Page history last edited by marcia 2 years, 1 month ago

 

                                                

 

Minha experiência com inclusão de alunos especiais ocorreu logo que iniciei no magistério em 1986. Tive dois alunos com problemas mentais, um deles o Alexandre conseguia escrever algumas palavras e já era repetente na 1ª série. Ficava o tempo inteiro fazendo um ruído alto com a boca que perturbava os demais alunos. Era um pouco agressivo e constantemente eu precisava lembrá-lo de limpar o seu nariz, pois a secreção saia sem parar. O outro aluno o Gilberto era calmo, só conseguia fazer bolinhas e escrever seu nome. Fiquei muito apavorada, pois recém havia me formado e não tinha noção do que fazer com aqueles alunos. Pedi então ajuda da supervisão que me auxiliou numa conversa com o pai do Alexandre, que nos contou chorando que seu filho tinha nascido perfeito e que de uma queda de um caminhão ficou com problemas. Ele não queria admitir que o filho tivesse essas dificuldades. Após muita conversa conseguimos que ele colocasse o menino na APAE, por acharmos que lá teria professores especializados para ajudá-lo. Após isso, precisei trocar de turno na escola e passei a turma para outra colega que continuou com o Gilberto, que pelo que sei conseguiu progredir escrevendo algumas letras do alfabeto.

No ano de 2006, já em outra escola, trabalhando com alunos de 5ª série recebi juntamente com meus colegas uma aluna que segundo a mãe teve problemas no parto e perdeu um pedaço do cérebro. Ela tinha muitas dificuldades, não conseguia copiar todas as atividades do quadro e nem respondê-las. Tínhamos que fazer um trabalho diferenciado com ela, exigindo somente o que ela podia fazer dentro de suas limitações. Ela participava de tudo, mas do seu jeito. Um dia ela precisou apresentar um teatro de fantoches em grupo e ela conseguiu dizer as suas falas, se sentiu muito feliz pela conquista. Passamos ela de ano por entender o seu progresso. 

Nesse ano de 2009 recebi na minha turma de 1° ano, um aluno com síndrome de down. A mãe na entrevista disse que o menino era calmo e somente às vezes ficava agitado quando ia para a casa do pai, pois eram separados. Que já havia frequentado escolinhas. Mas o que constatei foi uma dificuldade imensa de adaptação. O G. gritava muito durante a aula, batia em todo mundo, inclusive em mim. Não escrevia seu nome e se negava a ser ajudado. Fugia da sala, quebrava os brinquedos, enfim não conseguia conviver socialmente na sala de aula. Chamei a mãe para expor a situação e ela não compareceu e não trouxe mais o filho. A direção entrou em contato e ela disse que estava esperando vaga numa escola que trabalha com alunos especiais. Soubemos também que a nossa escola já era a terceira que o G. frequentou e que a mãe retirava-o assim que sentia a cobrança sobre ela.

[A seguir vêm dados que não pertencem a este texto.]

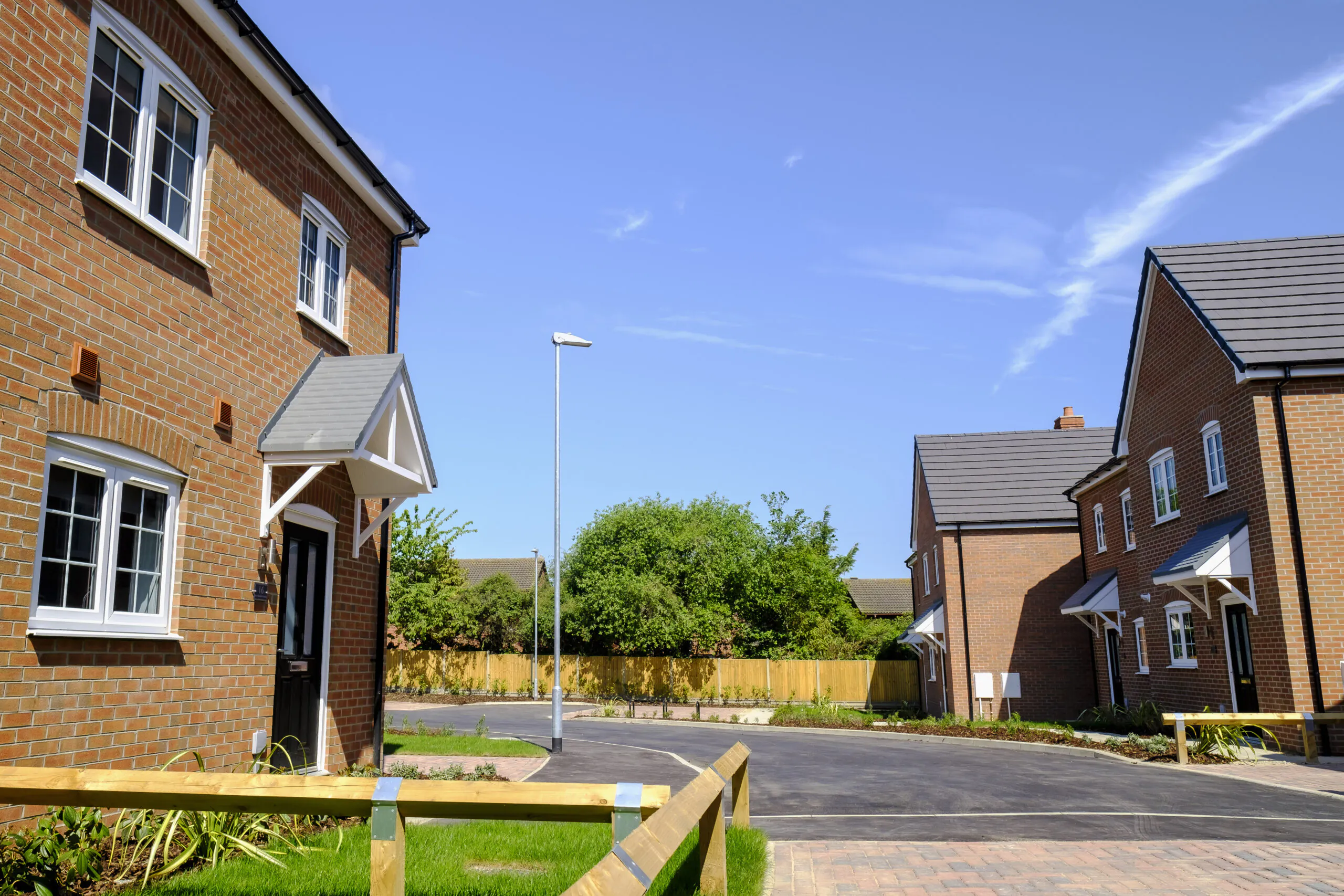 Street scene at Old Quarry Close, Metheringham showing completed brick homes, a curved new road, timber bollards, fresh planting and a central streetlamp under a clear blue sky | Lafford Group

Pelo que li sobre pessoas portadoras de down e pelo que já observei também por conhecidos, eles precisam do apóio da família desde cedo, levando-os a especialistas para que conseguiam se adaptar a uma escola regular e conseguiam efetivamente aprender. A família tem que buscar ajuda entendendo a situação para poder ajudar o seu filho.

Não me senti preparada para lidar com o G. nas condições que ele chegou para mim!

Contudo já tive vários alunos que precisei ter um olhar diferente e realizar um trabalho diferenciado nesse longo tempo de magistério, são  aqueles alunos que não conseguem ter o mesmo rítmo dos demais e precisam de nossa atenção e carinho para conseguir avanços.

 

 

 

POLÍTICAS PÚBLICAS BRASILEIRAS EM EDUCAÇÃO ESPECIAL E O PROJETO POLÍTICO-PEDAGÓGICO DA EDUCAÇÃO INCLUSIVA

 

 

  Trabalho em uma escola municipal em São Leopoldo com mil e noventa e

um alunos, que apresenta um quadro de sessenta e três docentes,

oferecendo como etapas de escolarização o ensino fundamental em transição de séries para anos.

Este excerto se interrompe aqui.